=== TASK TO COMPLETE ===
Once the line holding "12650 SW 6th" appears, repeat it and each line after it to the end of the data, exactly and with nothing else; pictures stay out.

=== INPUT DATA ===

/---

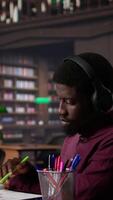 Vertical Male student listening to ambient study music on headset and collecting data from a book, focusing on school projects. Enjoying focus ambience music to finish a school assignment. Camera B. video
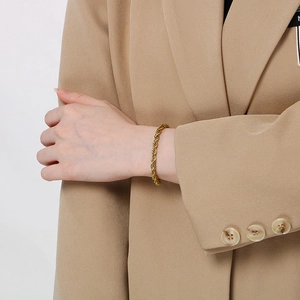 Detail shot of a golden twist rope bracelet showing the textured metal on a wrist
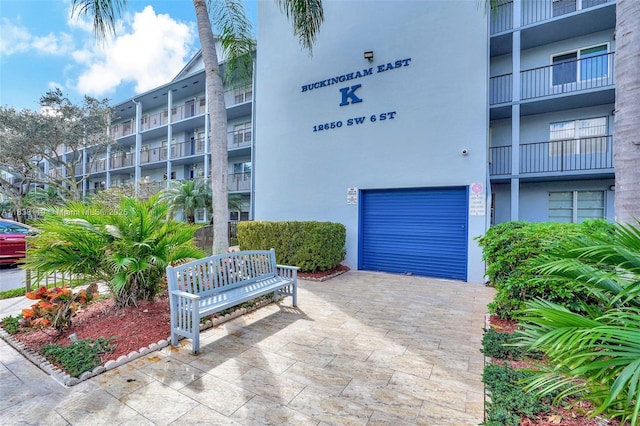 12650 SW 6th St Unit 101K, Pembroke Pines, FL 33027 - view of apartment building / complex featuring a garage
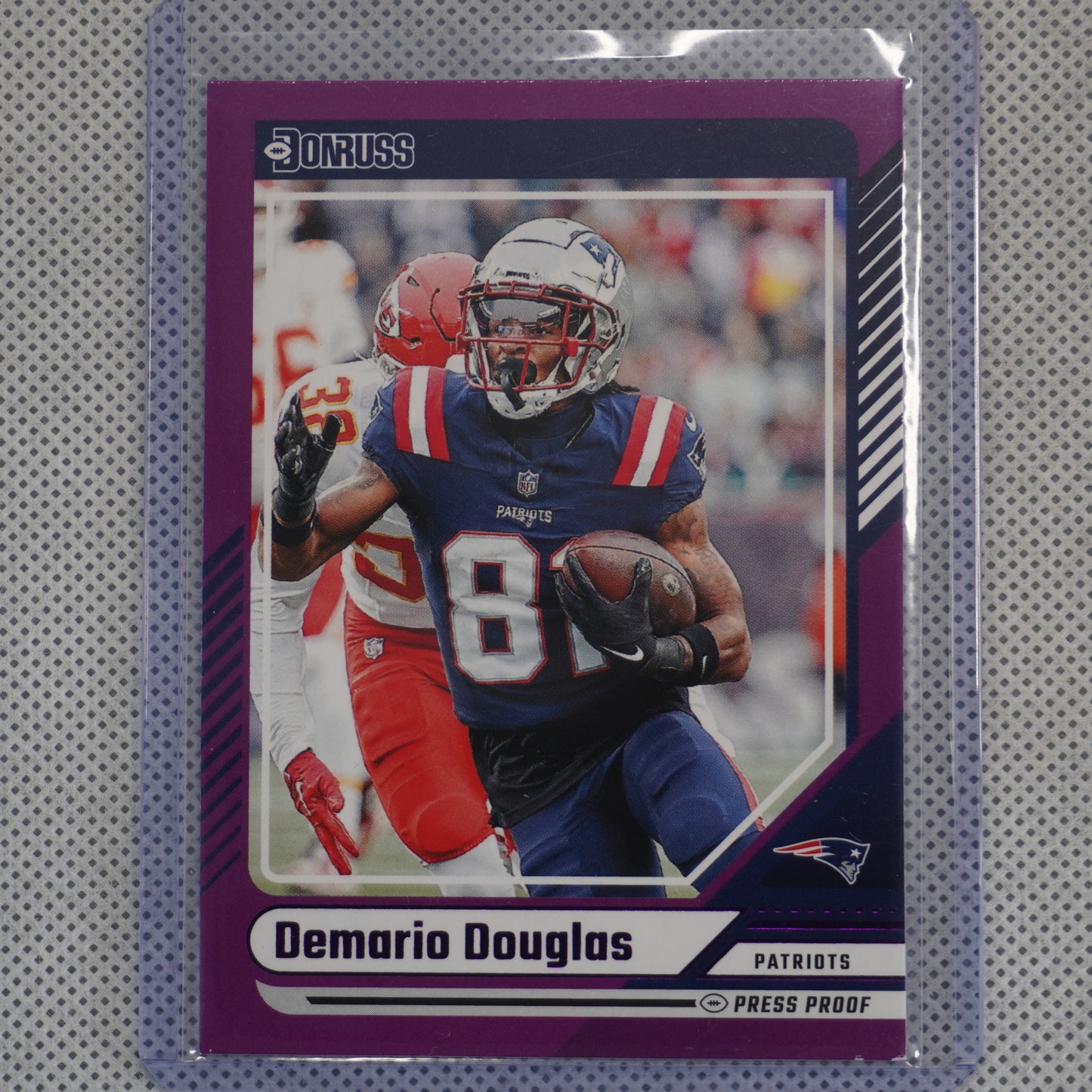 2024 Donruss #91 Demario Douglas Press Proof Purple New England Patriots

\---

=== RESULT OF THIS EXERCISE ===
 12650 SW 6th St Unit 101K, Pembroke Pines, FL 33027 - view of apartment building / complex featuring a garage
 2024 Donruss #91 Demario Douglas Press Proof Purple New England Patriots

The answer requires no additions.